Rekordgewinne, ausverkaufte Kapazitäten für 2026 – und trotzdem bricht der Kurs ein. Bei Micron klafft die Kluft zwischen Fundamentaldaten und Börsenreaktion aktuell ungewöhnlich weit auseinander. Was steckt hinter diesem Widerspruch?
Am Freitag schloss die Aktie bei 746,30 Euro, nur 0,09 Prozent unter dem Vortagesniveau. Diese Stabilisierung täuscht über die Wochenbilanz hinweg: Auf Sicht von sieben Handelstagen verlor Micron fast 13 Prozent.
Der Rückgang wirkt umso schärfer angesichts der Kursrallye der vergangenen Monate. Erst im Frühsommer markierte die Aktie ein historisches Hoch.
Vom Rekordhoch bei 1.103,80 Euro, erreicht am 25. Juni, trennen die Aktie inzwischen rund 32 Prozent.
Rekordquartal trifft alte Ängste
Diese Korrektur passt nicht zu den Zahlen, die Micron vor wenigen Wochen präsentierte. Im dritten Geschäftsquartal erzielte der Speicherhersteller einen GAAP-Gewinn von 24,67 US-Dollar je Aktie. Der Umsatz kletterte um über 300 Prozent gegenüber dem Vorjahr.
Noch bemerkenswerter: Das Management meldet, die komplette Kapazität für High Bandwidth Memory im Jahr 2026 sei bereits verkauft. HBM-Chips treiben KI-Beschleuniger wie Nvidias Blackwell- und Vera-Rubin-GPUs an. Die Nachfrage danach scheint kaum zu stillen zu sein.

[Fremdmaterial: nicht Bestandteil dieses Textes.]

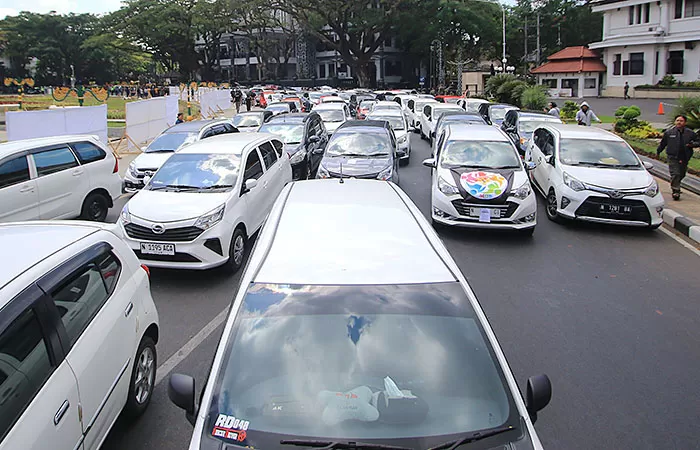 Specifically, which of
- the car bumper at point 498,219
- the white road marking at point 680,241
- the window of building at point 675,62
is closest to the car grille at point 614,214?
the white road marking at point 680,241

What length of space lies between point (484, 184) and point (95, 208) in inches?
285

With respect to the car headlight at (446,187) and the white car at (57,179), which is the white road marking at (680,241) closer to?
the car headlight at (446,187)

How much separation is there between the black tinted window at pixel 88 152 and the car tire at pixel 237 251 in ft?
13.4

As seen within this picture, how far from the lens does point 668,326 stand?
6.36m

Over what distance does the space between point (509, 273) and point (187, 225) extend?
177 inches

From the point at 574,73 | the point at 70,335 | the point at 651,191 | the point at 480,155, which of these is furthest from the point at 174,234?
the point at 574,73

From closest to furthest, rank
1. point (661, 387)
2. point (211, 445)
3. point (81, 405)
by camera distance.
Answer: point (211, 445)
point (81, 405)
point (661, 387)

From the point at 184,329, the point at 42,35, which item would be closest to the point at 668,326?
the point at 184,329

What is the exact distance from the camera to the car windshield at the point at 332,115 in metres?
22.7

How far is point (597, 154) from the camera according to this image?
11.1 m

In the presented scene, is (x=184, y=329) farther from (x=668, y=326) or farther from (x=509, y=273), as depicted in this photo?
(x=668, y=326)

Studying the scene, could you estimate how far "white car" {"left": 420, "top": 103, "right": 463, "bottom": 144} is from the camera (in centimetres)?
2283

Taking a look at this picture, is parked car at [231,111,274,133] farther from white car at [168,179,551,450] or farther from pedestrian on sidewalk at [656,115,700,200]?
white car at [168,179,551,450]

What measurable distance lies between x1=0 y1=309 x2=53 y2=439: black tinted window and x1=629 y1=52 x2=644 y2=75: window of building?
2204 inches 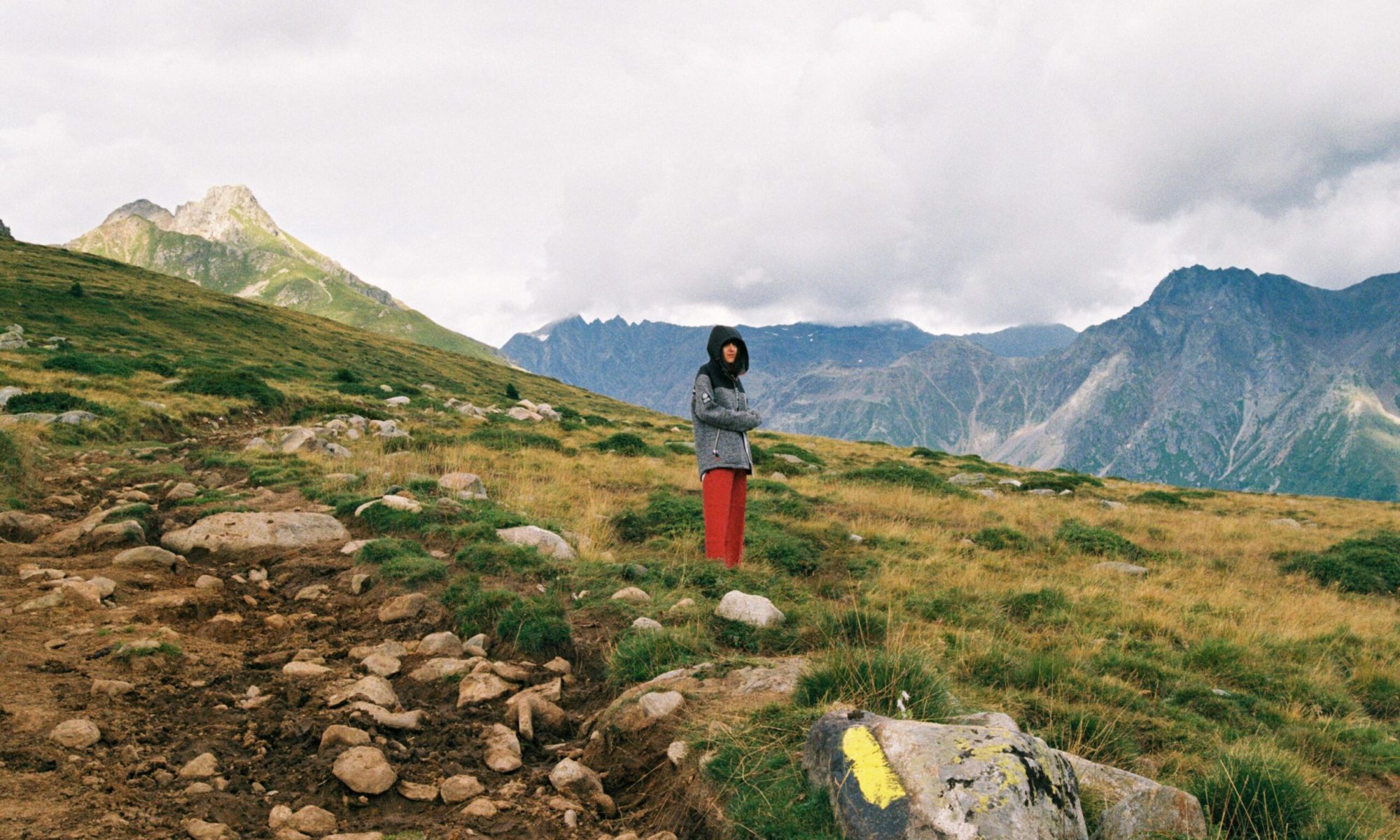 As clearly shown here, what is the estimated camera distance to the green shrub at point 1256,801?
3.59 m

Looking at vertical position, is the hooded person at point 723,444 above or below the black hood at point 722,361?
below

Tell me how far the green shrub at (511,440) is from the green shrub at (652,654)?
12585 millimetres

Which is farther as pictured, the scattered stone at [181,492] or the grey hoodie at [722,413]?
the scattered stone at [181,492]

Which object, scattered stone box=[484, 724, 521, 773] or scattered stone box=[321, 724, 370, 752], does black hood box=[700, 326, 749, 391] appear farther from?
scattered stone box=[321, 724, 370, 752]

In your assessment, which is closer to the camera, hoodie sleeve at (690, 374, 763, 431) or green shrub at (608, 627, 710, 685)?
green shrub at (608, 627, 710, 685)

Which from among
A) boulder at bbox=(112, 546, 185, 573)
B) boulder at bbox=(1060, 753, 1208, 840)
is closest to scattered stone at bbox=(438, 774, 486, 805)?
boulder at bbox=(1060, 753, 1208, 840)

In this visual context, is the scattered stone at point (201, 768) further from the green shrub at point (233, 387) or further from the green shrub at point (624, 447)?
the green shrub at point (233, 387)

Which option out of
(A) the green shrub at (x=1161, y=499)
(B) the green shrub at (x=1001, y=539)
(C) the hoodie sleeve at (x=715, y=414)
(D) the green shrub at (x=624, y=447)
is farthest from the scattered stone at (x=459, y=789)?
(A) the green shrub at (x=1161, y=499)

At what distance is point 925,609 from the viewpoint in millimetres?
8172

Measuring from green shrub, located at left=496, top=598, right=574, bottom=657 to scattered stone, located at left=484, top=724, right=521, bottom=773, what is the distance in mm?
1288

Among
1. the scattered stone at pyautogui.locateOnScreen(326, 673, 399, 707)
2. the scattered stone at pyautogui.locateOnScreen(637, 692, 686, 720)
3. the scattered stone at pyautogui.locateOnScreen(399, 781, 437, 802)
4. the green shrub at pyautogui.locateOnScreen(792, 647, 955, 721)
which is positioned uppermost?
the green shrub at pyautogui.locateOnScreen(792, 647, 955, 721)

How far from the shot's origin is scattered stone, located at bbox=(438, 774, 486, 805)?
4.17m

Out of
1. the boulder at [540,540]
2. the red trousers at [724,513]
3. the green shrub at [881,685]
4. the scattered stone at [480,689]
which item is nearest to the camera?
the green shrub at [881,685]

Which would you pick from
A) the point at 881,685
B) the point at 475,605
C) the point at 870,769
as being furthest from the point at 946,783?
the point at 475,605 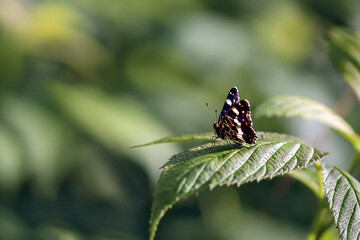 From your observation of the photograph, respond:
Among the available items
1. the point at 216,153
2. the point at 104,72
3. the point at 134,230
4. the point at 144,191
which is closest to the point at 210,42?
the point at 104,72

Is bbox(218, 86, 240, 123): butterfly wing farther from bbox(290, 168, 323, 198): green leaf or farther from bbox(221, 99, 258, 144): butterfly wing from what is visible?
bbox(290, 168, 323, 198): green leaf

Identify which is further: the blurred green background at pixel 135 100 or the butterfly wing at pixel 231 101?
the blurred green background at pixel 135 100

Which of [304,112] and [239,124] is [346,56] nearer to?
[304,112]

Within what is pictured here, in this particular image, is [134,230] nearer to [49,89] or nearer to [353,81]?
[49,89]

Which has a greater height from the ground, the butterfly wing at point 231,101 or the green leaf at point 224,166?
the butterfly wing at point 231,101

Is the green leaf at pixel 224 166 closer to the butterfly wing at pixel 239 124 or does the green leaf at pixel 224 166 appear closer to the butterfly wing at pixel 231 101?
the butterfly wing at pixel 239 124

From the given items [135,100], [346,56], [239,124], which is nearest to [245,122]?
[239,124]

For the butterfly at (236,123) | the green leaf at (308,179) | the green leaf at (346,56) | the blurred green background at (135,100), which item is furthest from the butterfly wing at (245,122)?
the blurred green background at (135,100) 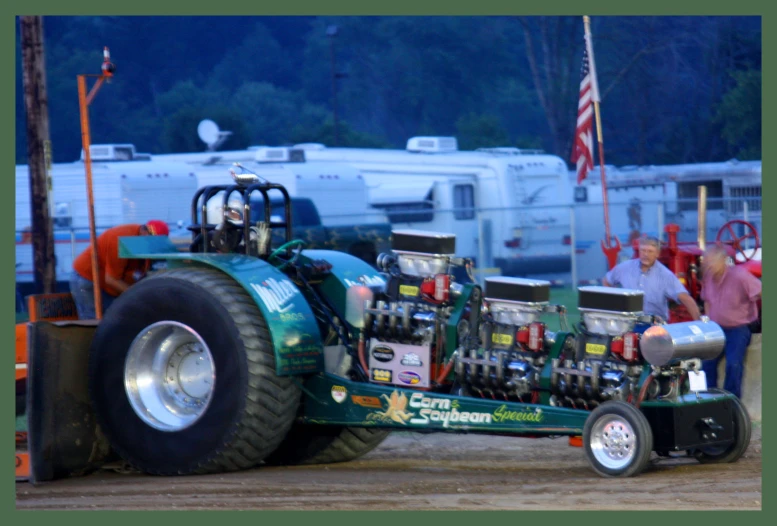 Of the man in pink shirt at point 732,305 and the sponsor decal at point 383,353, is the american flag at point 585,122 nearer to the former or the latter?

Der Auslöser für den jüngsten Ausverkauf liegt allerdings nicht in den USA, sondern in China: Innerhalb eines Monats verlor die Aktie fast 18 Prozent. Der chinesische Wettbewerber ChangXin Memory Technologies (CXMT) sammelt offenbar erhebliches Kapital ein, mit Blick auf einen möglichen Börsengang. Diese Nachricht weckt alte Erinnerungen an Überkapazitäten und Preiskriege – die historischen Angstgegner der Speicherbranche.
Genau diese Furcht vor einem neuen Zyklus lastet jetzt auf dem Kurs. Die aktuelle Nachfragesituation signalisiert eigentlich das Gegenteil.
Strukturwandel als Gegenargument
Micron ist längst nicht mehr nur Zulieferer für Standard-Speicher in PCs und Smartphones. Neue Lieferverträge mit Ford, General Motors und Hyundai sichern langfristige, margenstarke Geschäfte. Diese sogenannten Strategic Customer Agreements versorgen die wachsende Elektronik in vernetzten Fahrzeugen mit Speicherbausteinen.
Parallel dazu baut Micron seine Führungsposition bei HBM4 aus. Die Produktion der nächsten Speichergeneration soll im zweiten Quartal 2026 hochlaufen. Das Unternehmen positioniert sich damit als Profiteur einer Kapitalausgabenwelle der großen Hyperscaler von rund 700 Milliarden Dollar.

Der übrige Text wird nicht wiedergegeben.